I don't. I didn't write that.

Your formulation requires that there be a single, high probability event that contributes most of the utility an agent has the opportunity to get over its lifespan. In situations where this is not the case (e.g. real life), the decision agent in question would choose to take all opportunities like that.

The closest real-world analogy I can draw to this is the decision of whether or not to start a business. If you fail (which there is a slightly more than 50% chance you will), you are likely to be in debt for quite some time. If you succeed, you will be very rich. This is not quite a perfect analogy, because you will have more than one chance in your life to start a business, and the outcomes of business ownership are not orders of magnitude larger than the outcomes in real life. However, it is much closer than the "51% chance to lose $5, 49% chance to win $10000" that your example intuitively brings to mind.

Ah! Sorry for the mixed-up identities. Likewise, I didn't come up with that "51% chance to lose $5, 49% chance to win $10000" example.

But, ah, are you retracting your prior claim about a variance of greater than 5? Clearly this system doesn't work on its own, though it still looks like we don't know A) how decisions are made using it or B) under what conditions it works. Or in fact C) why this is a good idea.

Certainly for some distributions of utility, if the agent knows the distribution of utility across many agents, it won't make the wrong decision on that particular example by following this algorithm. I need more than that to be convinced!

For instance, it looks like it'll make the wrong decision on questions like "I can choose to 1) die here quietly, or 2) go get help, which has a 1/3 chance of saving my life but will be a little uncomfortable." The utility of surviving presumably swamps the rest of the utility function, right?

Ah, it appears that I'm mixing up identities as well. Apologies.

Yes, I retract the "variance greater than 5". I think it would have to be variance of at least 10,000 for this method to work properly. I do suspect that this method is similar to decision-making processes real humans use (optimizing the median outcome of their lives), but when you have one or two very important decisions instead of many routine decisions, methods that work for many small decisions don't work so well.

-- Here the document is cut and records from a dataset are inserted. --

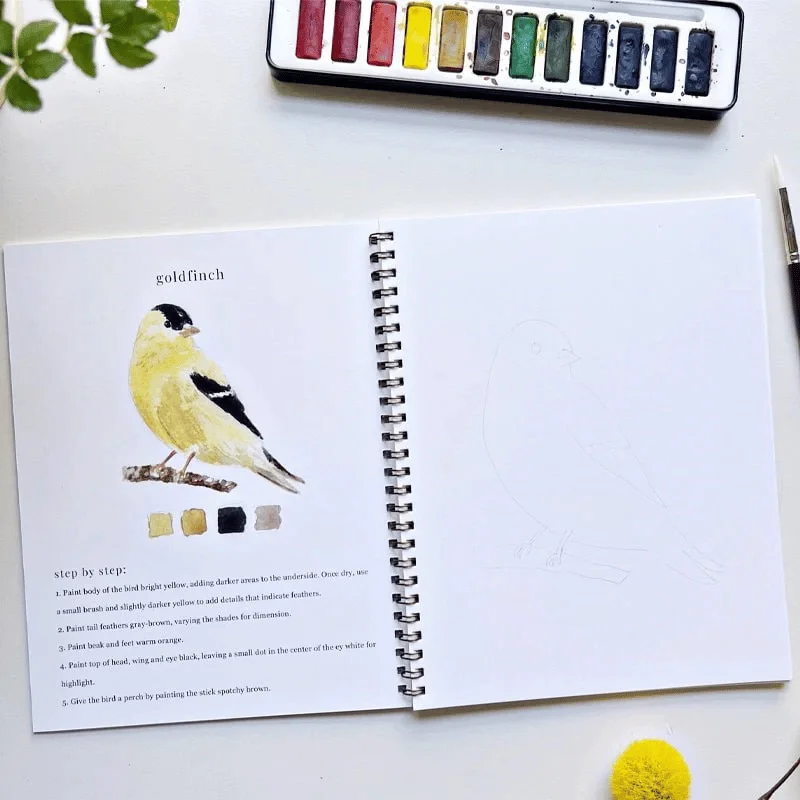 Emily Lex Watercolor Workbook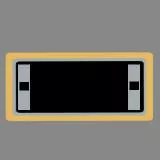 Chief Warrent Officer (CW1) shoulder boards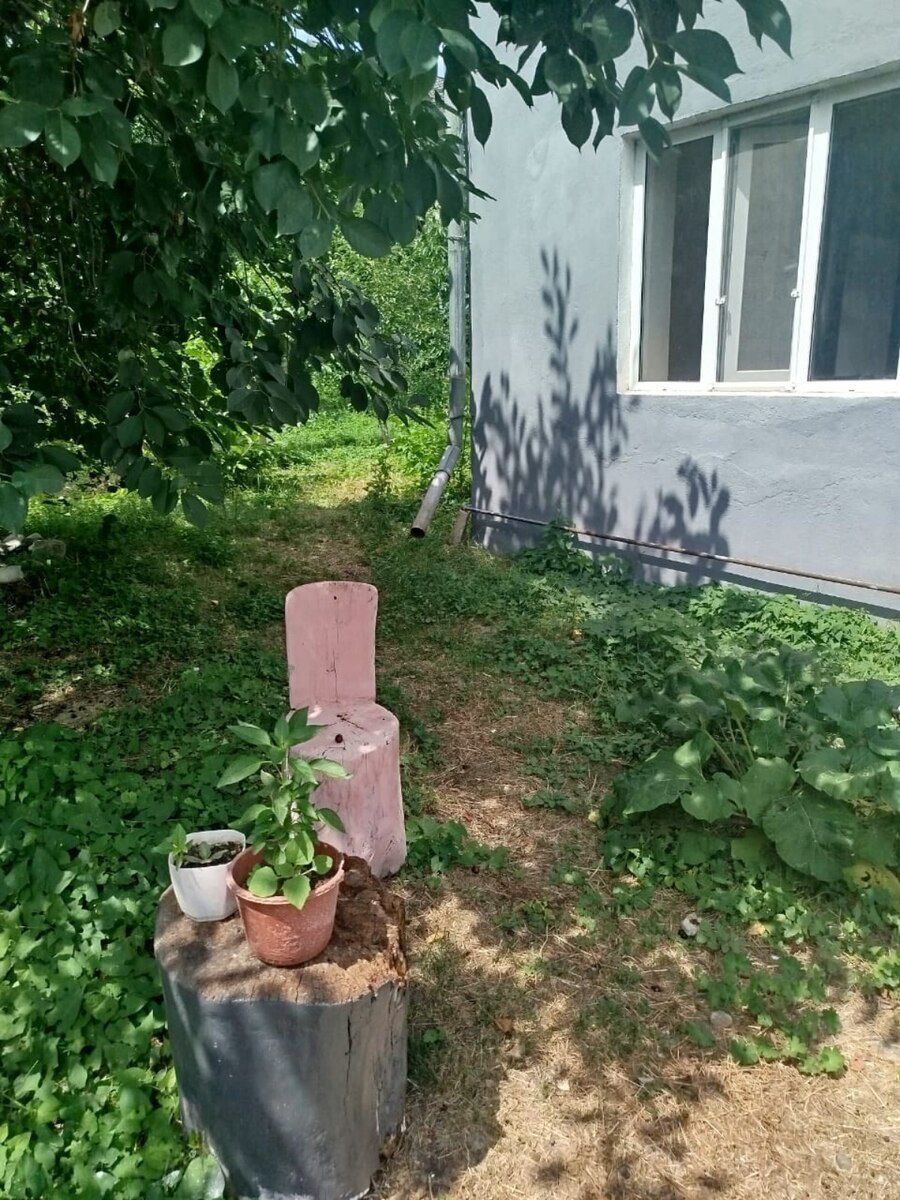 Bağ evi kirayə verilir, Qusar r. — Daşınmaz əmlak, Qusar (6)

If, instead of optimizing for the median outcome, you optimized for the average of outcomes within 3 standard deviations of the median, I suspect you would come up with a decision outcome quite close to what people actually use (ignoring very small chances of very high risk or reward).

This all seems very sensible and plausible!

A bounded utility function, on which increasing years of happy life (or money, or whatever) give only finite utility in the infinite limit, does not favor taking vanishing probabilities of immense payoffs. It also preserves normal expected utility calculations so that you can think about 90th percentile and 10th percentile, and lets you prefer higher payoffs in probable cases.

Basically, this "median outcome" heuristic looks like just a lossy compression of a bounded utility function's choice outputs, subject to new objections like APMason's. Why not just go with the bounded utility function?

I want that it is possible to have a very bad outcome: If I can play a lottery that has 1 utilium cost, 10^7 payoff and a winning chance of 10^-6, and if I can play this lottery enough times, I want to play it.

"Enough times" to make it >50% likely that you will win, yes? Why is this the correct cutoff point?